The processes at work behind harnessing wind and converting it into electric power are more complex than a quick surface glance might reveal. It isn’t simply placing a wind turbine in a windy area and letting the wind do its job, although that is the gist of it. Other factors are taken into account that dictate how fast and when the rotors of a turbine will spin so that wind is used as efficiently as possible.

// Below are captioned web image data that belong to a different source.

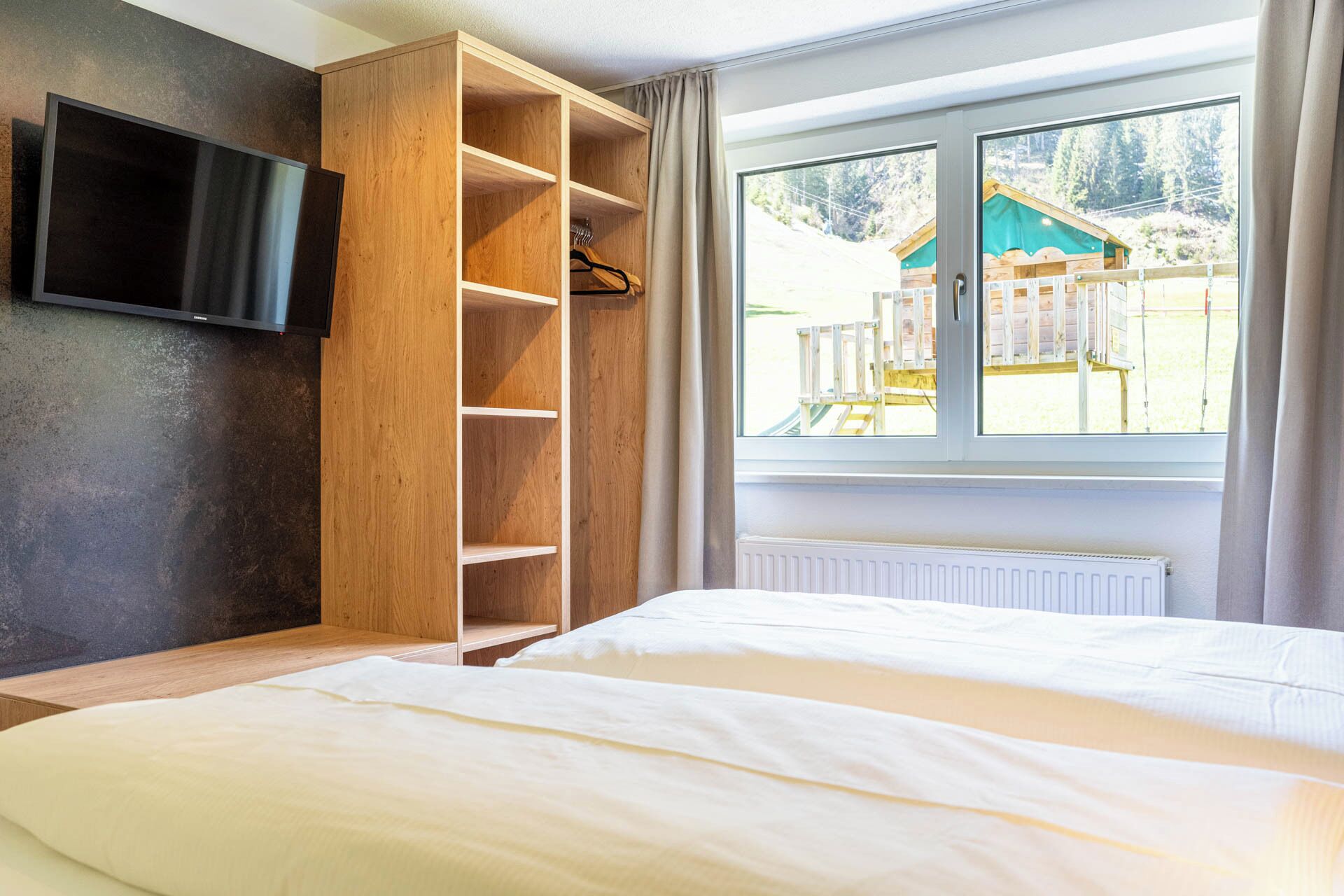 Una camera da letto con un letto, un armadio in legno, una televisione a parete e una finestra vista su una struttura in legno.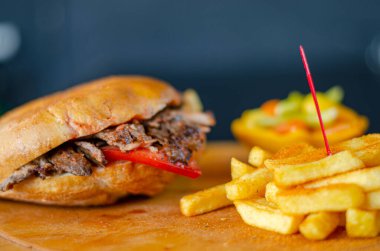 Meat doner kebab in sandwich bread. Traditional Turkish cuisine delicacies. Selective focus.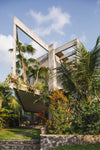 Located in a small valley on Bali’s southern coast, this geometric concrete home was designed as a collaboration between architectural studio Patisandhika and multidisciplinary designer Daniel Mitchell. Inspired by the American architect Ray Kappe, the L-shaped structure blurs the divide between the indoors and outdoors. It creates a series of changing moods through a dynamic layout and material selection.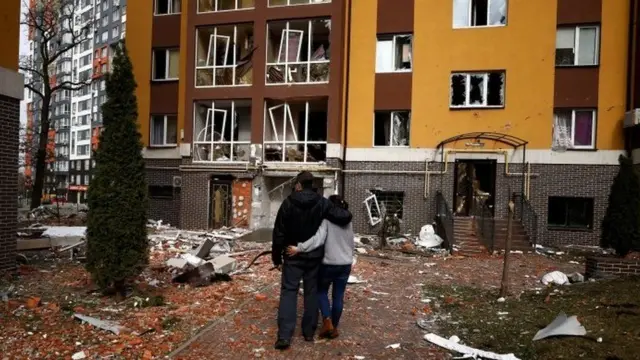 Civilians seen standing in front of a damaged building in Irpin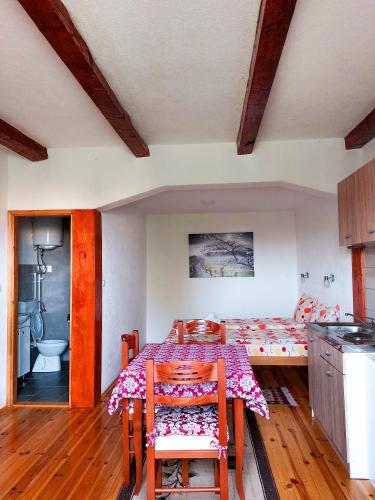 a room with a table and a bed and a bathroom at Domaćinstvo Krstajić - Rural holiday in Žabljak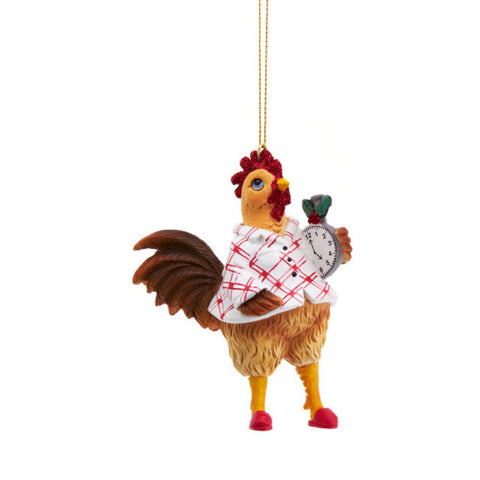 Rooster ornament in white plaid pajamas, holding a small alarm clock and wearing red glitter accents on its comb and wattle.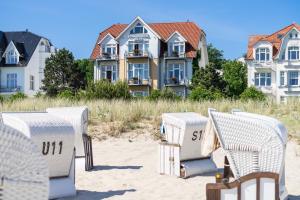 赛巴特班森Strandhotel Möwe的房屋前的海滩上摆放着一组椅子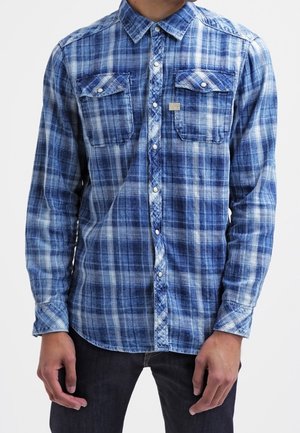 Uomo che indossa una camicia a quadri blu e bianca con tasche sul petto e pantaloni scuri, in piedi su uno sfondo bianco.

One of the biggest recurring issues behind maximizing wind’s potential is working around one of the wind’s inherent qualities: namely, its intermittency. Since wind speeds fluctuate over the course of the day, researchers are investigating methods to help turbines generate a consistent flow of electricity that doesn’t vary as wildly as the wind speeds. A recent study from a team at Iran’s University of Science and Technology, for instance, takes a more detailed look at the “exergy” of wind power at various wind speeds. For those without a doctorate in thermodynamics, exergy is simply the available energy to do work within a system. By taking a more nuanced look at the wind potential at various wind speeds through improved exergy analysis, the Iranian researchers hope to better define a wind turbine’s cut-in, rated, and furling wind speeds, so that usable energy is maximized at any given wind speed. Based on exergy analyses at two Iranian wind sites, one in Tehran that experiences slower wind speeds and one in the windier town of Manjil, the Iran University of Science and Technology researchers formulated optimized values for wind turbine rotation speed, which can be altered depending on wind speed. Utilizing these values to manage rotation speed would theoretically yield a 20% increase in efficiency and an 80% recover of otherwise “wasted” energy.

Researchers at the University of Wisconsin – Milwaukee’s Department of Electrical Engineering and Computer Science are also working to improve wind turbines’ handling of intermittency. The Milwaukee researchers have taken a similar “exergistic” approach in addressing how to maximize a turbine’s energy output, in this case, using the inertia of the spinning rotor as an energy storage component. Using a braking control algorithm that adjusts the rotor speed, the rotor is allowed to speed up when incoming wind power is greater than average so that it can store the excess energy as kinetic energy rather than generating a surplus of electricity. This energy is released when wind power output falls below average, helping combat inefficiency by keeping the power produced steady and usable on the electric grid.

Of course, an updated and modernized transmission network would go even further in combating inefficiency and creating a more robust energy market. However, advances in technology that help turbines harness the variable wind energy in a more consistent fashion further show that the problem of intermittency isn’t insurmountable. We just haven’t been thinking “exergistically” enough.